**Prompt:** While you copy the lines below, skip the pictures and keep the rest exact.

**Dataset section:**

+ + + + +

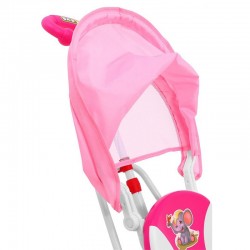 Tricicleta copii 2 in 1, balansoar cu efecte sonore, protectie soare, suport picioare, Happy Elephan roz
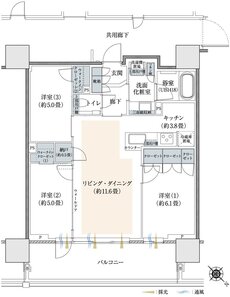 プラウドタワー相模大野クロス 間取り J2-TYPE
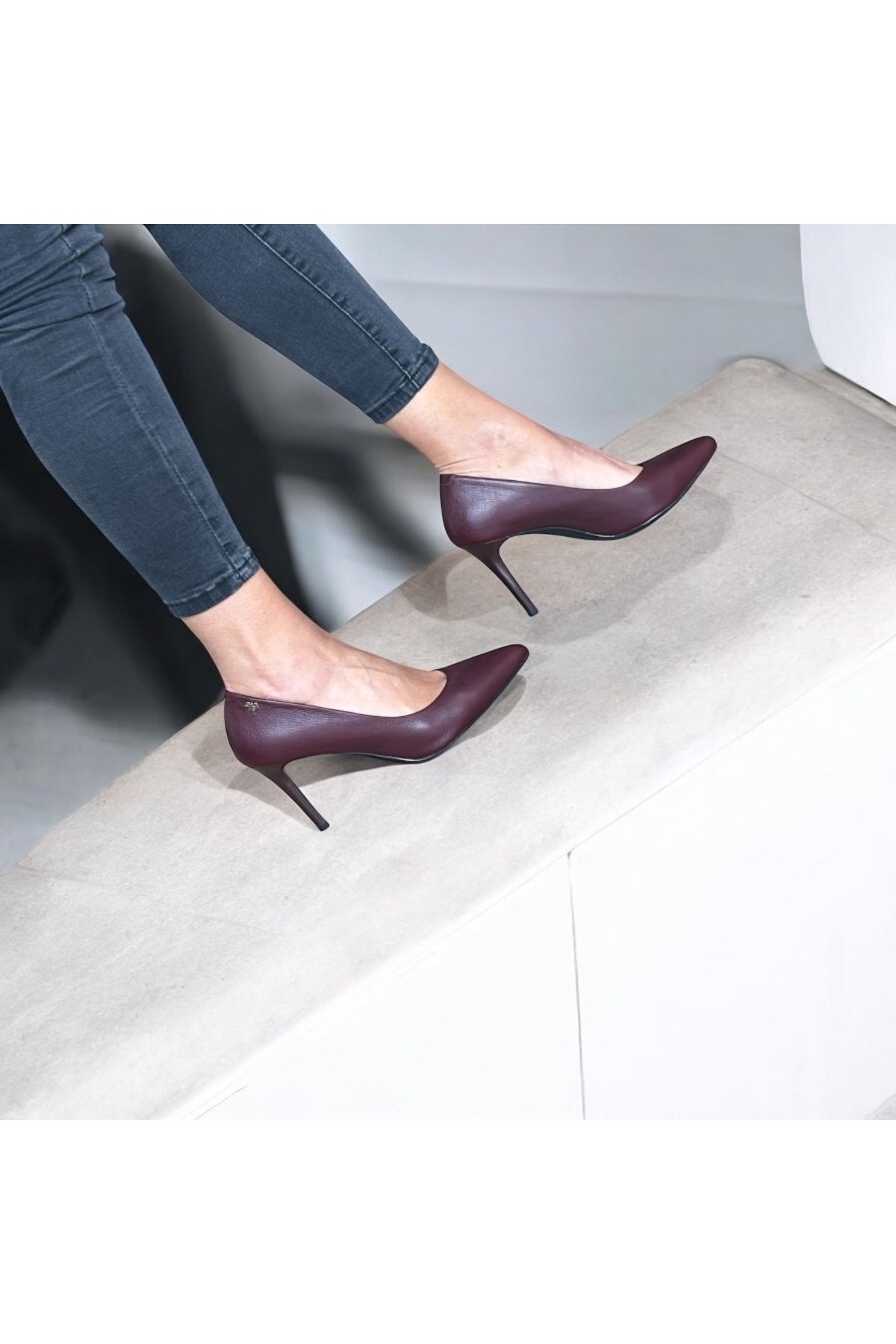 NEVE SHOES Bordo Hakiki Deri Stiletto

+ + + + +

**Output for this task:**
 Tricicleta copii 2 in 1, balansoar cu efecte sonore, protectie soare, suport picioare, Happy Elephan roz
 プラウドタワー相模大野クロス 間取り J2-TYPE
 NEVE SHOES Bordo Hakiki Deri Stiletto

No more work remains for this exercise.